Anne W. Chapman, Esq.
Labor and Employment, Business Litigation

The Department of Labor (DOL) last month issued a Notice of Proposed Rulemaking related to the overtime provisions of the Fair Labor Standards Act (FLSA).

While this notice is simply a proposal and does not necessarily reflect the final version of the rule, the notice provides a good indication of the likely changes to the FLSA that employers can expect in the future.

Employers may recall that in 2016 the DOL issued a final rule that would have increased the threshold salary requirement for the white collar exemptions under the FLSA. The 2016 rule, which would have doubled the requisite salary, was enjoined by a federal court and never enforced. The new proposed rule would increase the salary threshold from its current level of $455 per week to $679 per week. This change would result in an increase of the annual required salary to $35,308. The DOL estimates that this increase will result in nearly a million more individuals being eligible for overtime pay under the FLSA.

In addition to proposing an increase to the salary requirement for exemptions, the proposed rule also includes an increase of the total compensation requirement for highly compensated employees from its current level of $100,000 to $147,414. Likewise, the rule further provides that as much as 10 percent of an employee’s salary for purposes of meeting either salary basis test can be from non-discretionary bonuses (i.e. compensation tied to productivity, profitability, etc.) and/or commissions.

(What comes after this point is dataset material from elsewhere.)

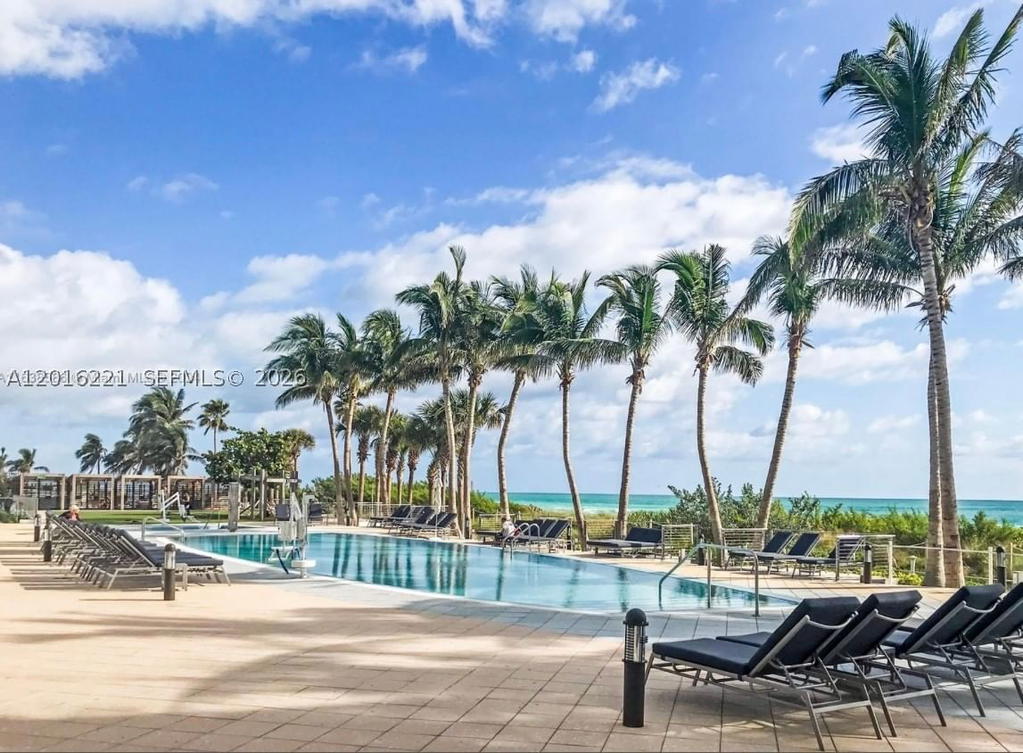 Real estate property located at 6801 Collins Ave #718 (deed 707), Miami-dade, Central Carillon Beach Co, Miami Beach, FL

While the rule includes language related to a periodic review of the salary threshold, it does not provide for automatic adjustments. The DOL comment period for the proposed rule is currently open, and members of the public may submit comments concerning the proposed rule to the DOL at www.regulations.gov until May 21, 2019. After the comment period ends, the DOL will consider the public comments before issuing its final rule.

Given the past statements of the current secretary of the Department of Labor, along with the fact that the FLSA’s salary thresholds have not been increased since 2004, it appears highly likely that the final rule will include an increase in the salary requirements. Therefore, employers should evaluate their exempt employees to determine if changes will need to be made by either increasing an employee’s salary or changing the employee’s FLSA status to non-exempt.